## Your task:
For the records below, print the lines from the line with "Scarpe slingback con" through the line with "Casa · 195m²" exactly as written; include both end lines and exclude the rest.

## Exercise inputs:
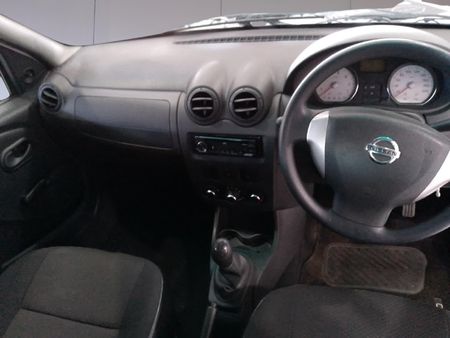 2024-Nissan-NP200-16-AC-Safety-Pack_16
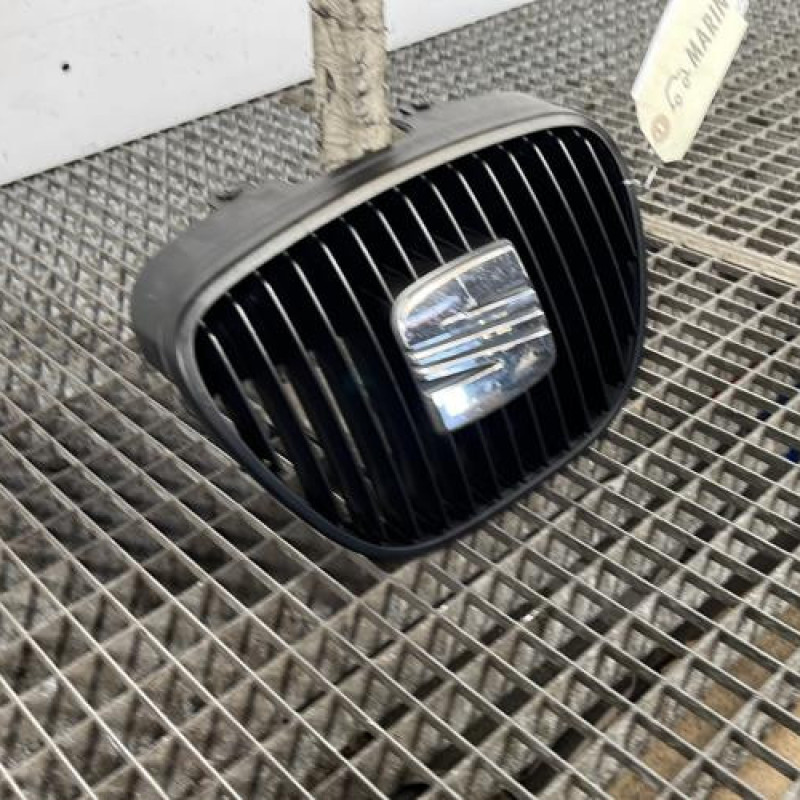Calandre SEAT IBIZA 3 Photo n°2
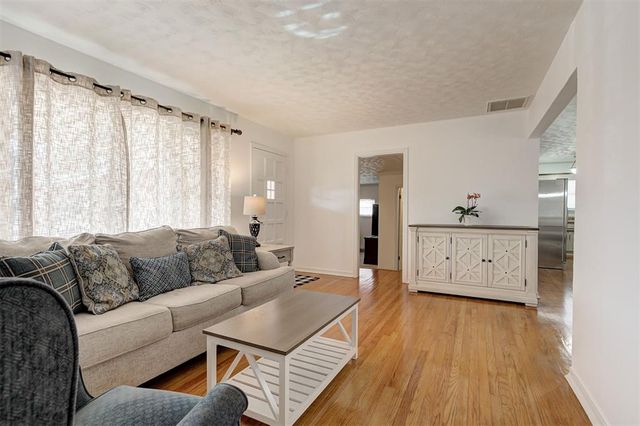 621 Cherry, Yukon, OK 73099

---

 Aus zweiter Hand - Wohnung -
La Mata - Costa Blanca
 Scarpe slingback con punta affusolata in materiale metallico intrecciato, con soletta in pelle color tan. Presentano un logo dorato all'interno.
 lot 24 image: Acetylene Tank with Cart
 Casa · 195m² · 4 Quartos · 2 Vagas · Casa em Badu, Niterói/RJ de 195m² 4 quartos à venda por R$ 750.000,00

## Answer:
 Scarpe slingback con punta affusolata in materiale metallico intrecciato, con soletta in pelle color tan. Presentano un logo dorato all'interno.
 lot 24 image: Acetylene Tank with Cart
 Casa · 195m² · 4 Quartos · 2 Vagas · Casa em Badu, Niterói/RJ de 195m² 4 quartos à venda por R$ 750.000,00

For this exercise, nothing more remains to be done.